The tea seeds used in November 2021 were from 7 producing areas in Guizhou Province, China (Table 1). They were stored according to a unified standard after harvest, and the samples were mature tea fruit (Fig. 1). The samples were identified by Sun Sisheng, Associate Professor, Institute of Medicinal Plant Development, Chinese Academy of Medical Sciences and Peking Union Medical College, as the dried mature seeds of Camellia sinensis O. Kuntze. Voucher samples are preserved in the Herbarium of Traditional Chinese Medicines of Anshun University. Seeds of each variety were randomly selected, and three biological replicates were performed. The fatty acid standard was chromatographically pure, purchased from Sigma, USA. Isooctane, potassium hydroxide, sodium bisulfate, and petroleum ether were all analytically pure and purchased from Shanghai Aladdin Biochemical Technology Co., Ltd. (Shanghai, China). Rat cardiomyocytes cells (H9C2) and mouse fibroblasts cells (L929) were purchased from Wuhan Servicebio Technology Co., Ltd. (Wuhan, China).

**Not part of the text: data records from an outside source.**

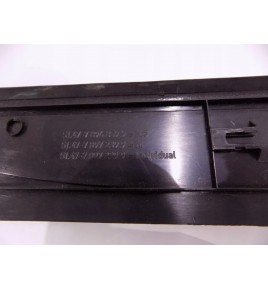 BMW M5 E60 E61 Dekoračná prahová lišta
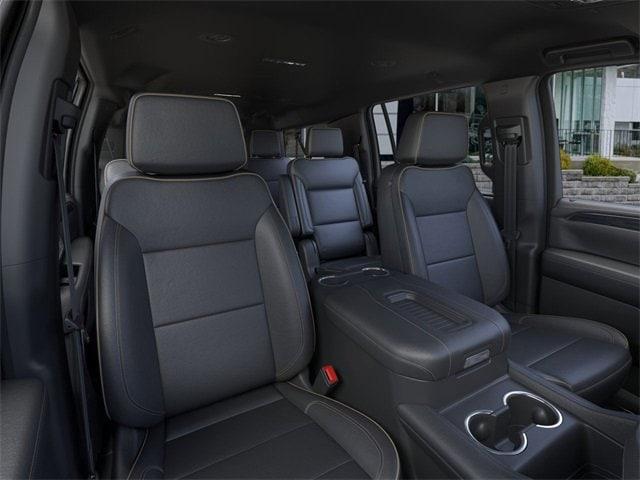 new 2024 GMC Yukon XL car, priced at $72,006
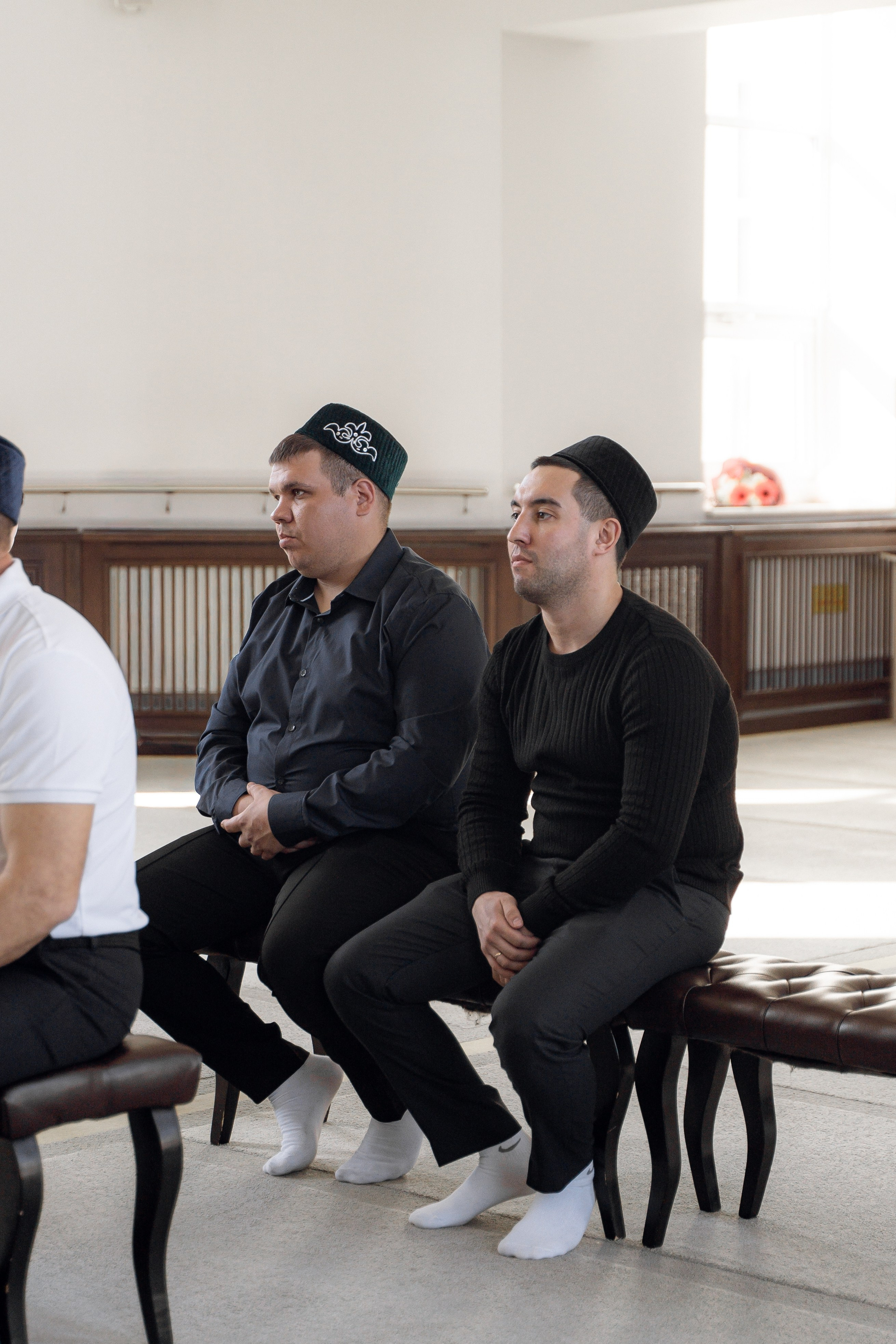 Марат & Луиза (Ярдам). RAMIL SAFIULLIN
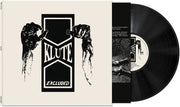 the album cover for Klute - Excluded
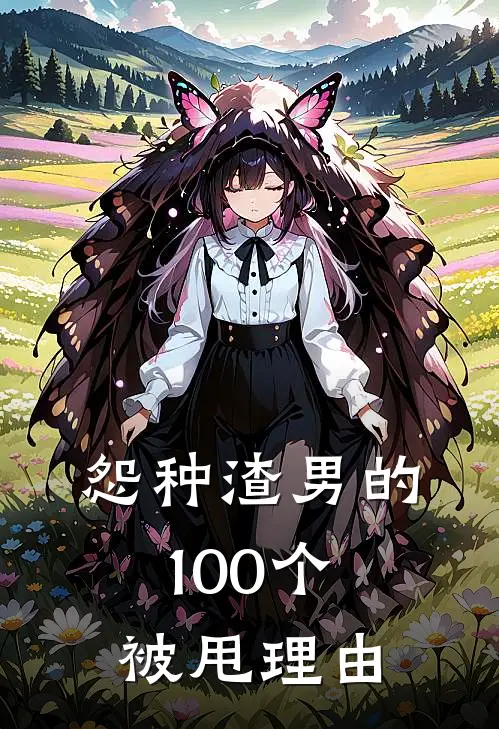 怨种渣男的100个被甩理由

The milliQ ultrapure water meter was acquired from Millipore Co., Ltd. (Burlington, USA). The electronic balance was acquired from Mettler Toledo instruments Co., Ltd. (Zurich, Switzerland). The high-speed cryogenic centrifuge was procured from Beckman Coulter Inc. (Brea, CA, USA). The constant temperature water bath was procured from Jintan Medical Instrument Co., Ltd. (Changzhou, China). The infinite 200 PRO multi-function microplate reader was procured from Tecan Trading AG. (Männedorf, Switzerland). The gas chromatograph (Agilent 7890A) and mass spectrometer (Agilent 5975C) were from Agilent Technologies Co., Ltd. (Santa Clara, CA, USA).

Table 1. Source Information of Tea Seeds in Different Regions of Guizhou

Chemical Composition of TSO

Kernel and oil content of tea seed

Twenty tea seeds were evenly and randomly selected, and the total mass of tea seeds (m) was determined. After shelling, the total mass of tea seed kernels (n) was weighed.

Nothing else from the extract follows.